Why do people have coaching?
In much the same way as a sports person will use a sports coach to help them improve their performance, techniques and to get better results, people enlist the services of a life coach because they want to improve their situation and achieve the things they want out of life.
A coach can help them learn new ways of thinking and approaching situations in order to get better results. People who seek out coaching are often already successful in one or more areas of their lives, but realise that something is ‘holding them back’ or that they have lost sight of their original dreams and aspirations in the hubbub of their day to day routine.
Common coaching benefits people experience include:
- Improved focus and sense of direction,
- Increased self awareness and self belief,
- Better ability to relate to and influence others,
- Increased motivation,
- Increased resilience and ability to handle change,
- Increased sense of balance and ‘getting more from life’.
What kind of coach is right for me?
Coaching is a very fast growing and often confusing industry in the UK just now. There are ‘life coaches’, ‘business coaches’, ‘personal coaches’ ‘divorce coaches’, ‘style coaches’, ‘executive coaches’ and many other titles of coach. So how do you know who to pick and what approach is right for you?
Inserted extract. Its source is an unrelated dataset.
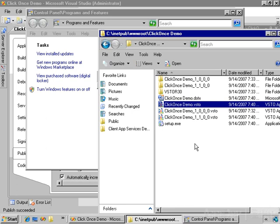So what you've seen in this demo is how easy it is to deploy a Visual Studio Tools for Office solution based on Office 2007 using ClickOnce. And it's also easy to publish updates and have those automatically installed when the user opens the document.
Regardless of the title, most personal coaching is based on very similar basic principles. I can’t claim that my approach is unique, but I do know that I am unique as a person and so are you!
A coaching, or consultancy, relationship works best when there is good rapport and ‘fit’ with the client. If you choose to work with me, but then find it just doesn’t ‘feel’ right – that’s fine! I won’t put you under any pressure to continue. I am proud of my coaching success rate and the success of my clients and wouldn’t want to jeopardise that by forcing a relationship where the chemistry is wrong.
What coaching is not
There are instances when coaching may not be appropriate, or when it becomes clear that a client needs other support and help alongside the coaching. Coaching is definitely not:
- Therapy or counselling,
- A way of someone else solving the client’s problems for them.
Coaching is very much based on the present and future, whereas therapy or counselling often involves an exploration of the past. There may be instances when a coach would refer a client to a specialist therapist for help.
Coaching is based on the principle that the past does not dictate the future, but there may be clients who need further help to come to terms with past events.
Coaching is also based on the principle that you are ultimately responsible for your own life. I can encourage, empower, support and challenge, but I am not here to instruct or do a client’s job for them. To do so would undermine the control and power a client has over their own life, and in many instances would exacerbate the problem.